News:

MASM32 SDK Description, downloads and other helpful links
MASM32.com New Forum Link
masmforum WebSite

Possible problems with SSE usage.

Started by KeepingRealBusy, July 07, 2010, 12:57:11 AM

Previous topic - Next topic

KeepingRealBusy

I was looking at the SSE conversions we were developing and thought about some of the consequences of using SSE (or a general purpose register like eax) when scanning a string instead of just a BYTE (or WORD for Wide Character Unicode).

I wanted to check what would happen at the end of a buffer allocated by VirtualAlloc. I created this small test case and verified that movdqu from the start of a short (in my case 7 BYTES) string at the end of the buffer would fault before you can check for a null. I then add the code to allow this to work correctly.

Note:

This coding fix only applies to a general purpose library routine in which the library routine has no knowledge of how the data was created or where it was saved.

If you allocate a VirtualAlloc Buffer, and reserve the last 16 BYTES and do not put any data there (not even the last trailing null), then you will never overrun the buffer - you will always find the null first. Thus, you do not need this type of initial checking.

Note further:

This test case is coded for BYTE compares, but the same solution can be used when checking 8 wide characters in an xmm reg.

The method:

The plan is to force the first load to be at a mod 16 bound by ANDing the real start by -16. This will never overrun a VirtualAlloc Buffer because the start is always on a mod page size bound, and the length is always a mod page size length. Page size is 4KB with XP (maybe larger on 64 bit systems) so as long as you start at a mod 16 bound within the buffer, you will never overrun the buffer. This gets you more data than you wanted (the BYTES or WORDS preceeding the string) so you can calculate the number of bytes to skip and the bit mask to use on the extracted bits from pmovmskb. Using a bsf on the extracted and masked bits in the register will then give you a correct value or the first instance of the desired character. My test was a simple check for nulls in a buffer full of nulls.

Lingo and JJ Note:

Your code did an unaligned load, then masked to the next aligned bound then continued with aligned loads (the first check was 8 or 16 BYTES, but the second possibly overlaped some of the first, thereafter checking 8 or 16 bytes each time). My check always does aligned loads but ignores leading garbage bytes the first time. Aligned loads will not overrun a VirtualAlloc Buffer if you are checking for nulls

All:

The same problem can occur if you use mov eax,[esi] to scan a string, checking for nulls as you go. Instead, force the esi to the prior mod 4 bound, load the DWORD containing the desired starting character, and use the difference of actual start vs aligned start to position eax left 8 bits per skip character, and then rol eax,8 for each remaining character to be checked in al looking for a null. From then on, just adjust esi by 4 bytes and you will not overrun the buffer. You have to find some way to not overrun a VirtualAlloc buffer on a first check.

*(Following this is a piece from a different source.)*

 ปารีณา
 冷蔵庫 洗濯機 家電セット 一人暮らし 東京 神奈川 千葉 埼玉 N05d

For scanning a Unicode strings, you are dealing with 2 WORDS and not 4 BYTES, so make adjustments and just deal with it.

This test case is a good place to test out your favorite code fragment to insure that the first load of your routine will not overrun the buffer.

Dave.

drizz

#1
Good thinking! I tried to explain this in this thread:
http://www.masm32.com/board/index.php?topic=10925.0
If people don't want to consider this when writing algos there is nothing we can do.

The truth cannot be learned ... it can only be recognized.

hutch--

Unicode strings are no different to ansi strings apart from being 2 byte instead of one byte. Scan its length for a word size 0 as terminator. The alternative is OLE string where the length is stored b 4 bytes below the start address.
Download site for MASM32      New MASM Forum
https://masm32.com          https://masm32.com/board/index.php

KeepingRealBusy

Quote from: drizz on July 07, 2010, 01:42:51 AM
Good thinking! I tried to explain this in this thread:
http://www.masm32.com/board/index.php?topic=10925.0
If people don't want to consider this when writing algos there is nothing we can do.

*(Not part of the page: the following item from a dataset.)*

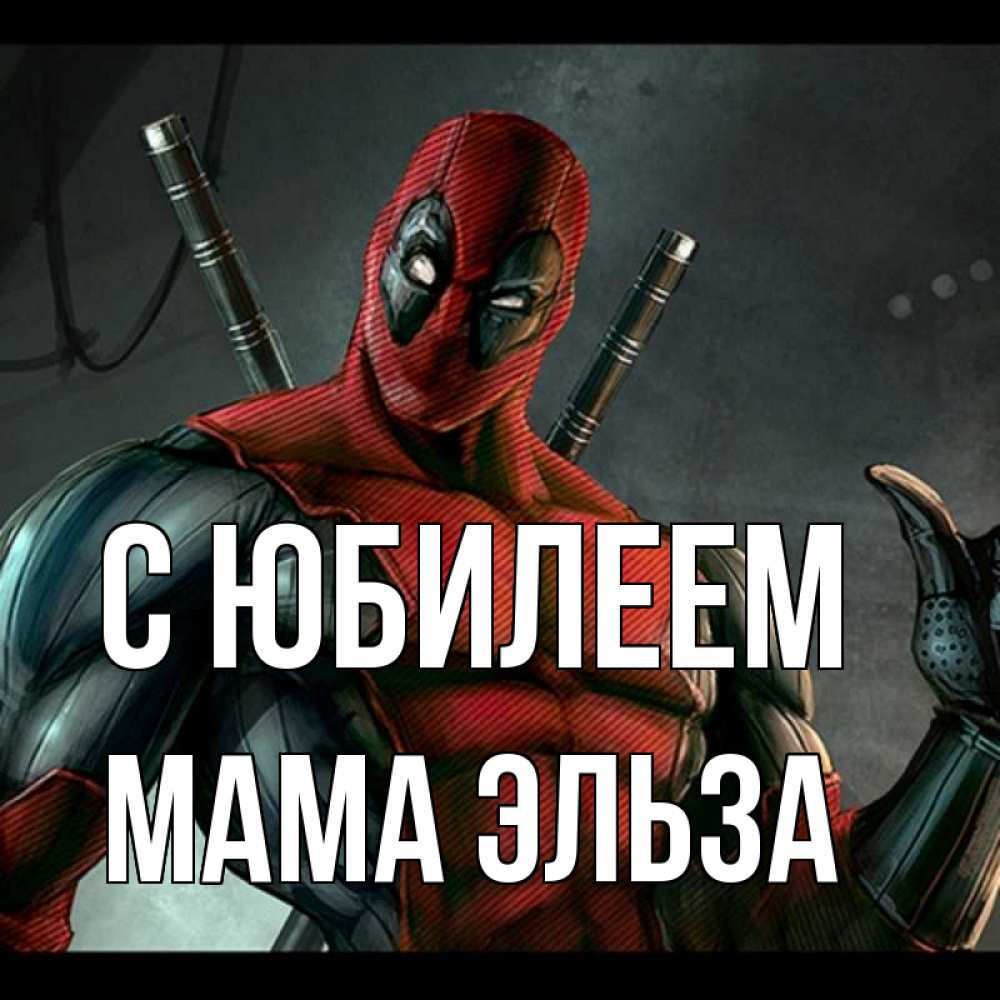 Открытка на каждый день с именем, Мама-Эльза С юбилеем марвел супергерои Прикольная открытка с пожеланием онлайн скачать бесплатно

I read some of the comments in your link.  The common thinking was that it is faster to use the bad algos than worry about an exception once in a great while. In my case, I have acrually supplied the very few instructions it takes to eliminate this possibility, and these could be executed just once, not in the main loop (I did imply that they were in the main loop by including the or edx,0FFFFh to force acceptance of all matches after the first, but this could be dropped and a separate compare loop coded that had no extra code). This fix only needs to affect the first access, all others use aligned accesses which will not fault if you are checking for nulls.

You can have the best of both worlds, speed and safety.

Dave.

KeepingRealBusy

Quote from: hutch-- on July 07, 2010, 02:29:39 AM
Unicode strings are no different to ansi strings apart from being 2 byte instead of one byte. Scan its length for a word size 0 as terminator. The alternative is OLE string where the length is stored b 4 bytes below the start address.

Hutch,

I haven't yet tried this with the crt__ routines, but the code seems to be all WORD oriented for Unicode, so if a Unicode string is set to start on an odd BYTE bound, the crt__ routines should work. I have been looking at this with SSE in mind, including my initial check. With odd BYTE alignment to avoid buffer overrun , loading an xmm reg at an aligned boundary would put the characters split between words, not too good for pcmpeqw compares. Is such alignment allowable?

Dave.

hutch--

Instead of guessing, load a unicode string on a 2 byte boundary and you never have the problem. 4 byte alignment is even better.
Download site for MASM32      New MASM Forum
https://masm32.com          https://masm32.com/board/index.php

KeepingRealBusy

Hutch,

I agree, use aligned strings. But what should a generalized library function do if passed such a string?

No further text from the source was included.